TASK OBJECTIVE:
Omit the pictures and return exactly the stretch of the material below from the line with "羽毛球拍正品李宁儿童小学生碳纤维超轻入门球拍单拍套装新手男女" through the line with "Vintage Stussy Year".

RECORDS TO USE:

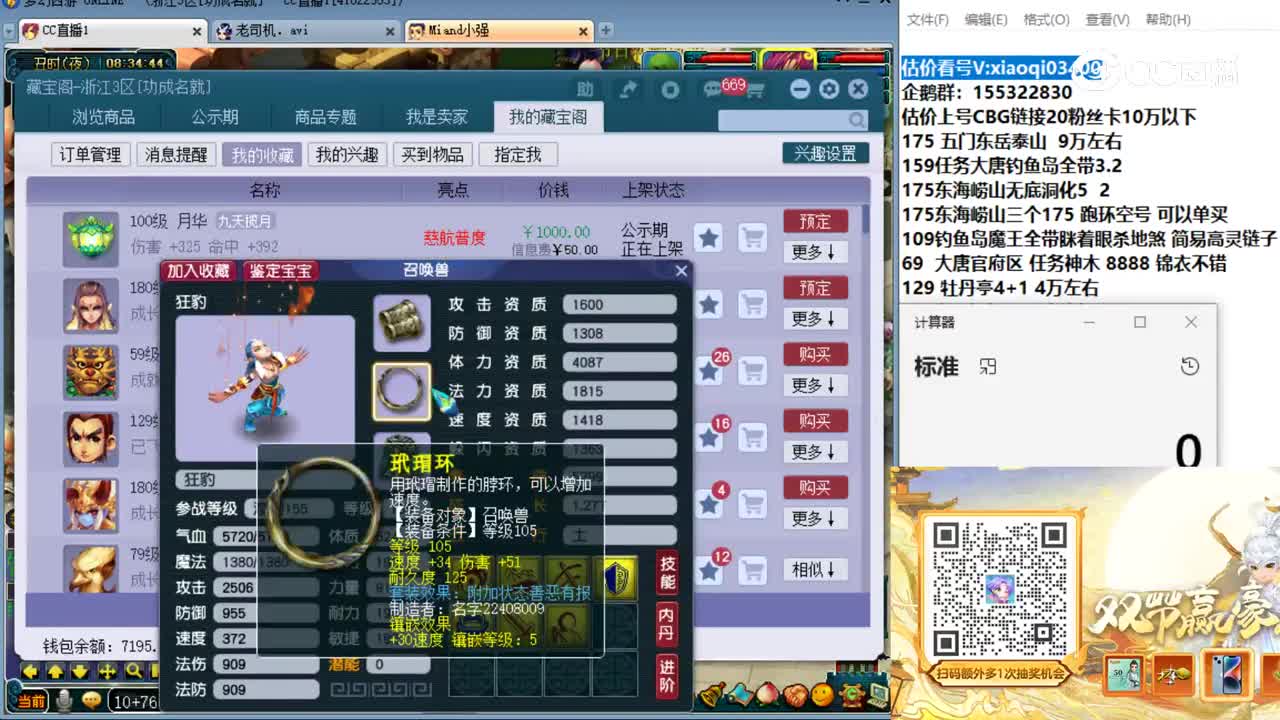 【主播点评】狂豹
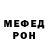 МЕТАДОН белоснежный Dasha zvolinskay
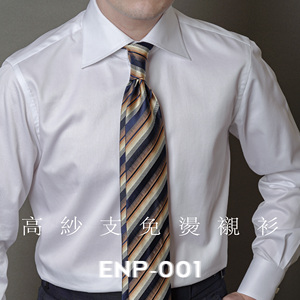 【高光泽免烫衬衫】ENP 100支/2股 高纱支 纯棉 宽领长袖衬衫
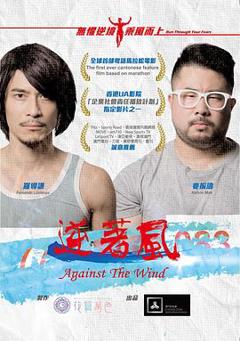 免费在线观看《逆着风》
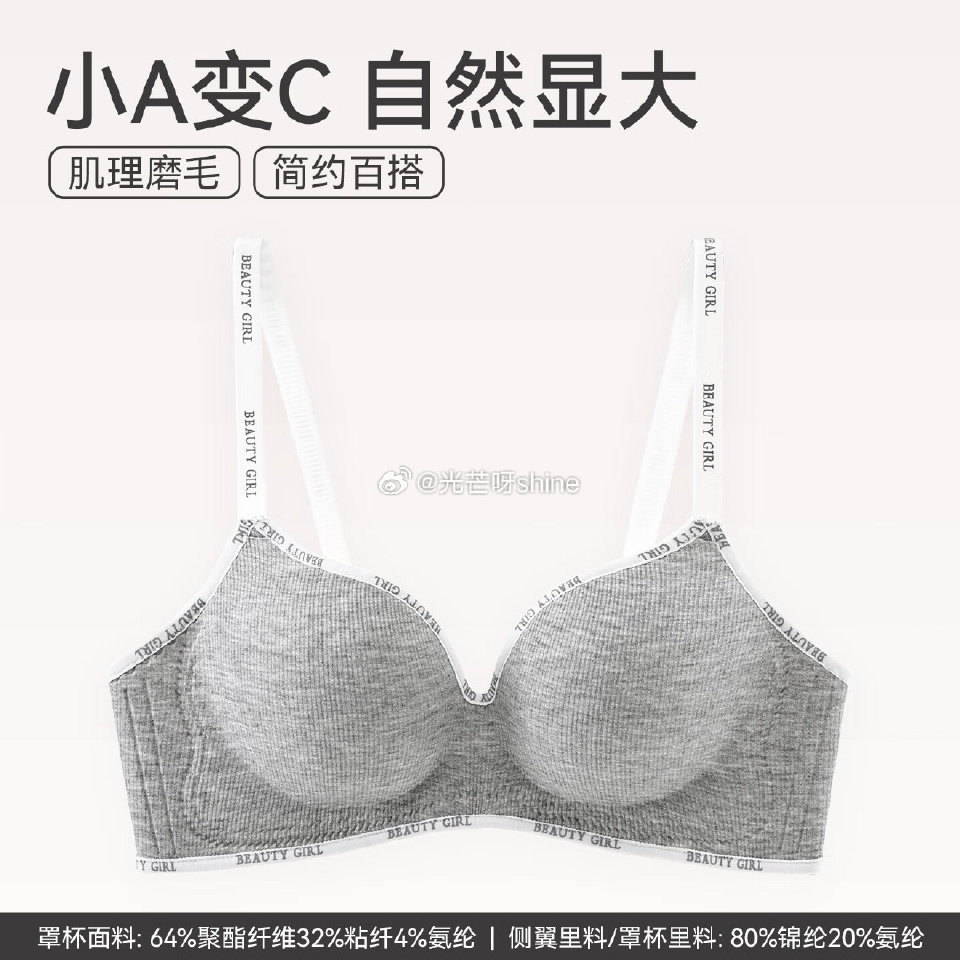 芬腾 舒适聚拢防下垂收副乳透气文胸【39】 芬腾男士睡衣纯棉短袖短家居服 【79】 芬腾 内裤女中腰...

---

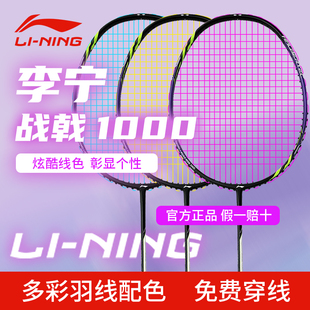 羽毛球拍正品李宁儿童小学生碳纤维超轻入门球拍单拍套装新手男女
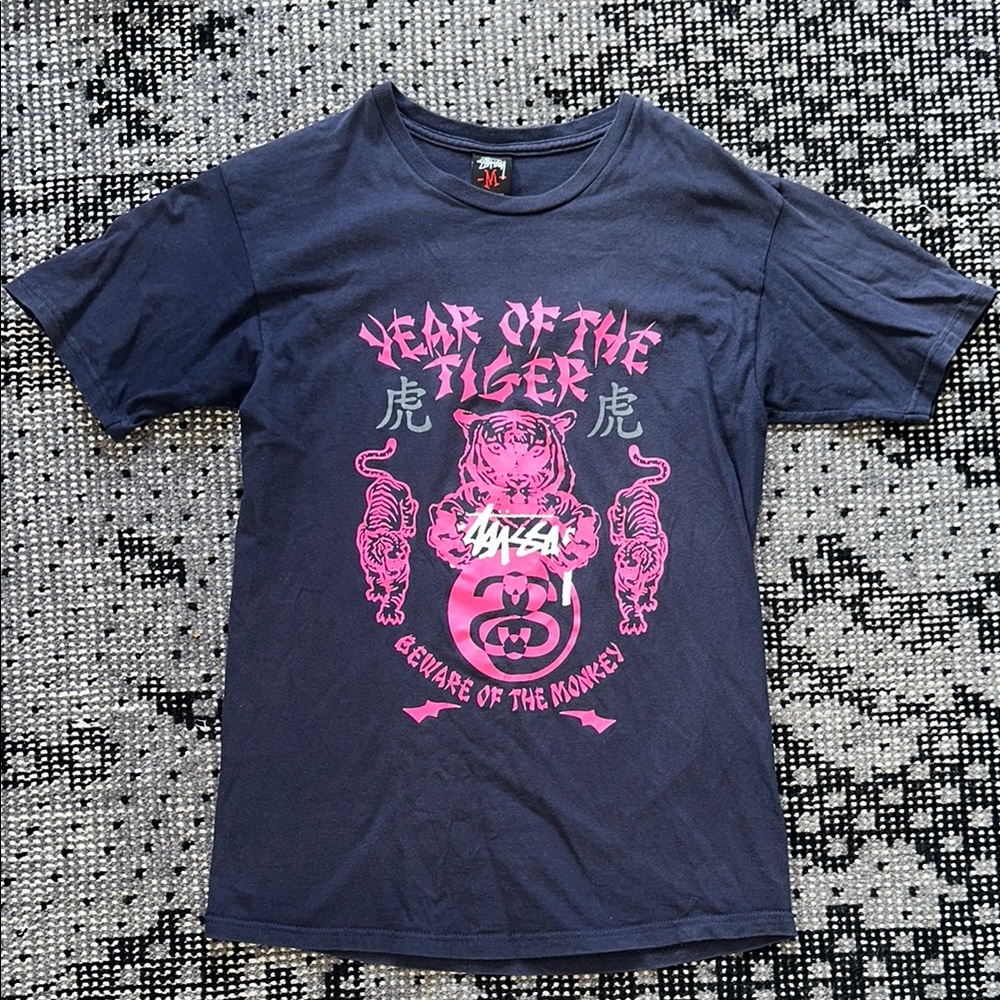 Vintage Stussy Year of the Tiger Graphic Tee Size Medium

SOLUTION:
 羽毛球拍正品李宁儿童小学生碳纤维超轻入门球拍单拍套装新手男女
 Vintage Stussy Year of the Tiger Graphic Tee Size Medium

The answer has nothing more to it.